To do this, many central facilities from `awkward.util` have been moved into the classes themselves. For instance, the Numpy corresponding to a `JaggedArray` or a `JaggedArrayNumba` are now in `JaggedArray.numpy` and `JaggedArrayNumba.numpy`. This is to prepare the way for GPU extensions of awkward-array, in which `JaggedArrayCUDA.numpy` would actually be [CuPy](https://cupy.chainer.org).

Soon, [uproot-methods](https://github.com/scikit-hep/uproot-methods) and [uproot](https://github.com/scikit-hep/uproot) will depend on awkard 0.8.0 as a minimum version.

0.7.3

Remove README from data_files.

0.7.2

Fixed a bug in jagged fancy indexing: 66.

0.7.1

The `out` parameter in Numpy ufuncs are for in-place operations. awkward-array does not support in-place operations, so we now detect this and forbid it.

0.7.0

Cleaned up and ready to become the new minimal version dependency.

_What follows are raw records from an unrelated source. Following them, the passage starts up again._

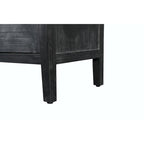 Armoire en bois à quatre portes avec poignées sculptées
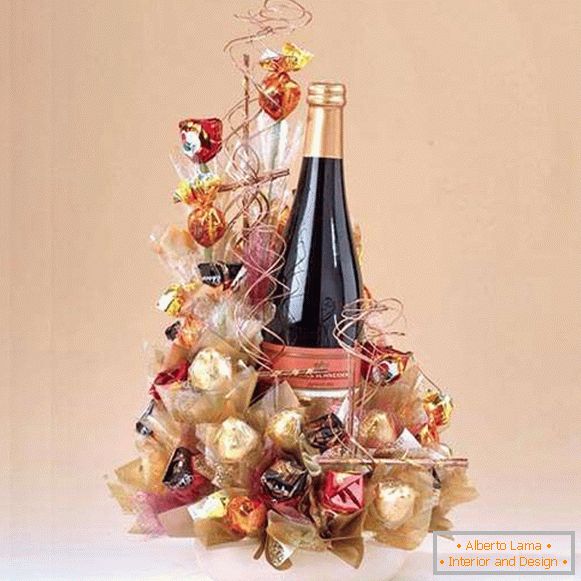 Come decorare una bottiglia di champagne con i dolci на праздник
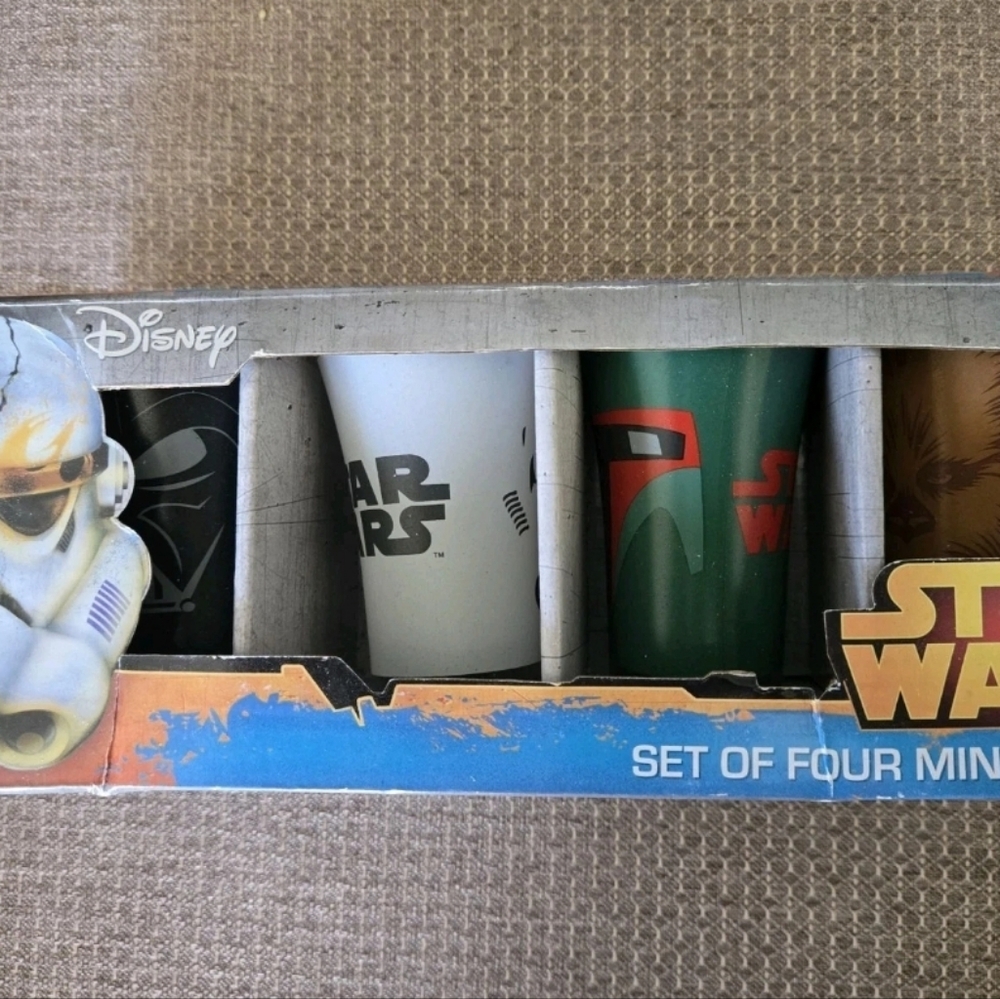 Disney Star Wars Character Mini Glass Set - Black, White, Green, Brown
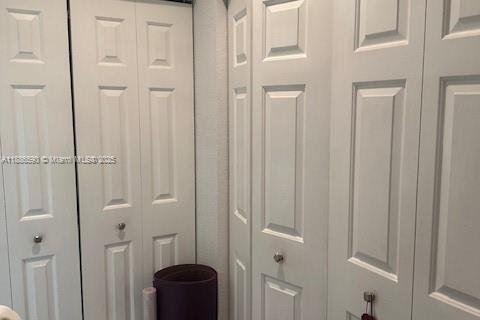 Townhouse in Miami, Florida 2 bedrooms, 104.98 sq.m. № 1932841 - photo 11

uproot-methods and uproot will depend on this version.

0.6.2

Fixed 59.

0.6.1

* Tables whose `rowname` is `"tuple"` and whose fields are `map(str, range(n))` are visualized as tuples (so that you can see field values, unlike the opaque default) in `repr` and `tolist()`.
* Jagged `cross`, `pairs`, `distincts` and their `arg*` equivalents produce tuple-Tables.
* Jagged `cross`, `pairs`, `distincts` and their `arg*` equivalents have a `nested=False` option. If `nested=True`, the output is jagged one level deeper to keep track of which pairs contain the same left value. (For the explode-operate-reduce pattern.)
* Reducers are implemented on all types. Jagged reducers apply to the deepest level of jagged nesting only. Their `regularaxis=None` argument lets you send an `axis` argument to the Numpy array at the deepest level. Only rectangular arrays can be reduced in an arbitrary axis.
* Jagged `flatten` has an `axis=0` argument to determine which jagged level gets flattened. (This can't be negative.) `flatten` can happen at an arbitrary depth, but not reducers.
* The `array.at.whatever` syntax has been removed; it led to unreadable code.
* Table-tuple indexes like `["0"]`, `["1"]`, `["2"]`, etc. can be accessed by `.i0`, `.i1`, `.i2` (up to 9).
* Physics-motivated tests: jet cleaning and gen-reco matching.

0.6.0

Added `awkward.fromiter` and `awkward.fromiterchunks` to convert arbitrary data into columnar awkward-arrays. Added a description of these functions in the specification.

Started a real README and stubbed out its chapters.

Renamed `Table.content` as `Table.contents` for symmetry with `UnionArray.contents`. Only product types and sum types have "contents" (plural); the rest have only a "content" (singular). In all cases, a "content" is an array (Numpy or awkward-array), but for product types, "contents" is an ordered dict of arrays and for sum types, "contents" is an ordered list of arrays.

Fixed a display bug (if `self` is an awkward-array, but `self[:3]` is a Numpy array because it's empty, it no longer causes an error).

0.5.6

Revert a change to the location of default types (`INDEXTYPE`, etc.) from `awkward.util` to `awkward.array.base.AwkwardArray`. uproot depended on its old location.

Now it's in both places, and someday it will be only in `awkward.array.base.AwkwardArray`, but only after a major awkward version update that uproot will have to depend on.

_Do not use awkward 0.5.5 with uproot!_